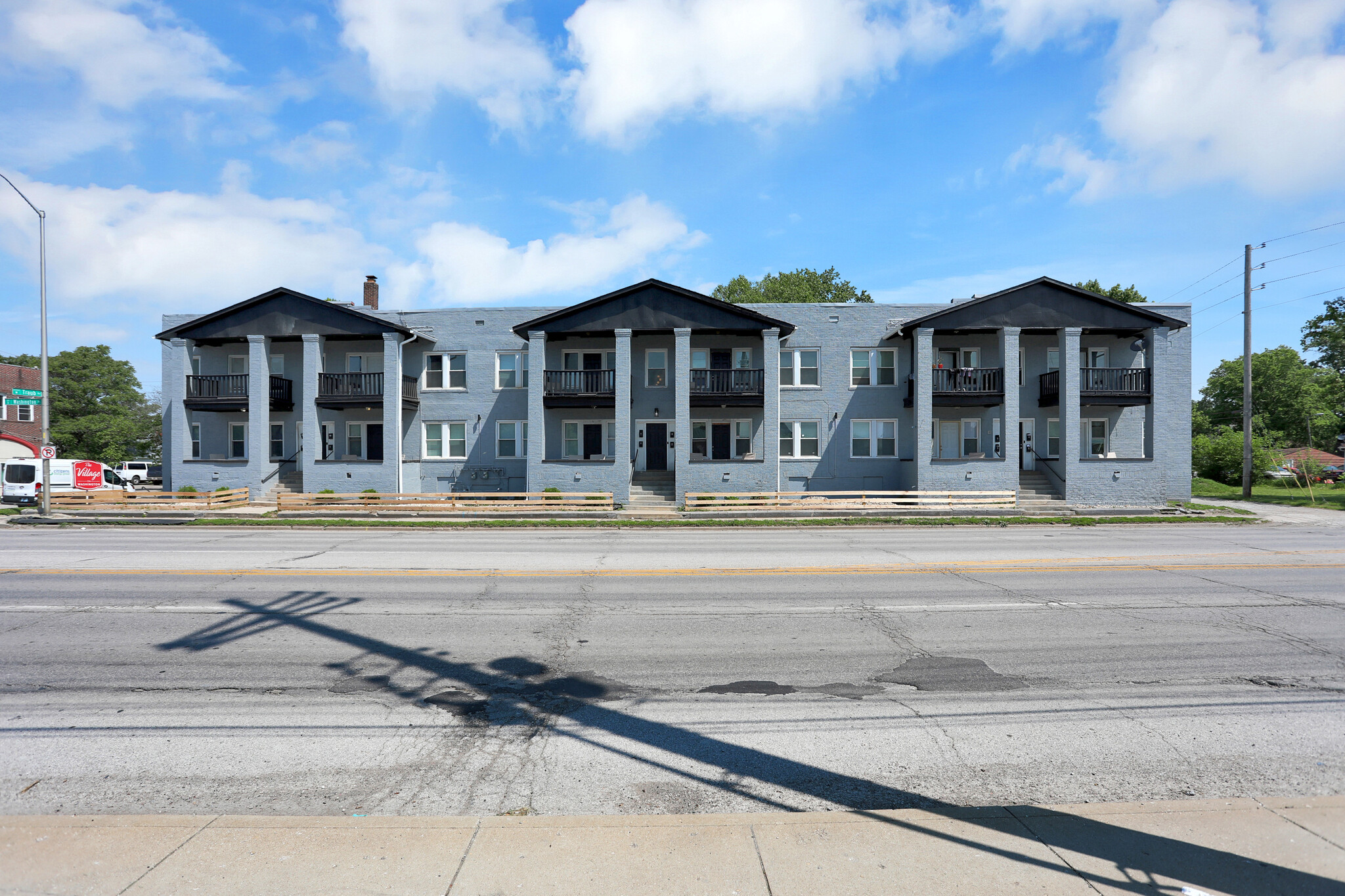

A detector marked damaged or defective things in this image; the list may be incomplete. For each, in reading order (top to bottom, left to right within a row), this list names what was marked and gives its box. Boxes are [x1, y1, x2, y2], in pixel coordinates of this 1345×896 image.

---

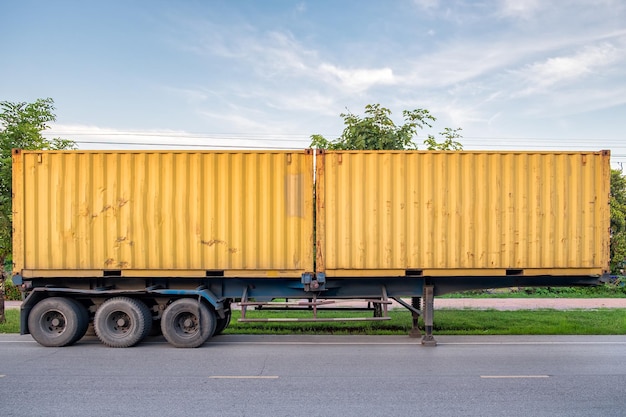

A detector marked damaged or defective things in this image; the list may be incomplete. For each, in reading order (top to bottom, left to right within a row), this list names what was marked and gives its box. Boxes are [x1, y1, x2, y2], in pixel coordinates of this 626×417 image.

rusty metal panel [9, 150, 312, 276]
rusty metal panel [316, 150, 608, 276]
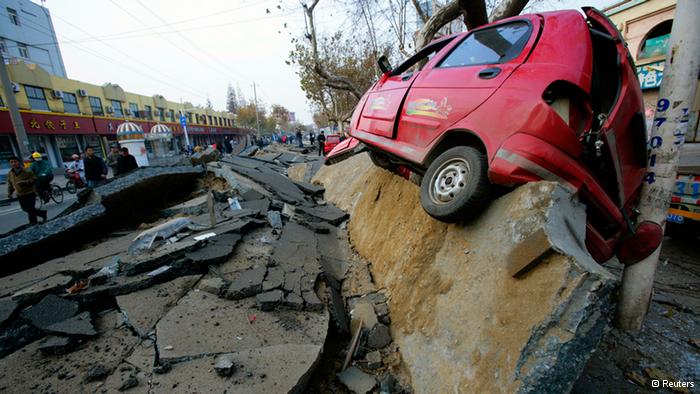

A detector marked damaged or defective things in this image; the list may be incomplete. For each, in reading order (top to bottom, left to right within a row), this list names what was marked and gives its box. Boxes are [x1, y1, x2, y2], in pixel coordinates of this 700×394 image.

--

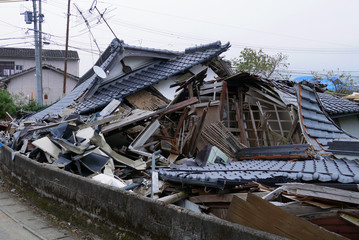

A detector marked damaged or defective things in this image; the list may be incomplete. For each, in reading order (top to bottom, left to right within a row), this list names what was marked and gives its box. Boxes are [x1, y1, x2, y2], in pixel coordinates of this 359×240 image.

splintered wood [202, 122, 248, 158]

_REQUIRED WORK_: Using the data above, return the lines from the one holding "this 626×417 image." through the one holding "this 700×394 image." exactly, but not the pictures.

_SOLUTION TO THE PROBLEM_:
A detector marked damaged or defective things in this image; the list may be incomplete. For each, in reading order (top to bottom, left to right within a row), this list names what was marked and gives its box. Boxes are [x1, y1, x2, y2], in pixel coordinates of this 626×417 image.

rusty metal panel [9, 150, 312, 276]
rusty metal panel [316, 150, 608, 276]

A detector marked damaged or defective things in this image; the list may be incomplete. For each, in reading order (top to bottom, left to right within a row), this list names what was marked and gives its box. Boxes are [x1, y1, x2, y2], in pixel coordinates of this 700×394 image.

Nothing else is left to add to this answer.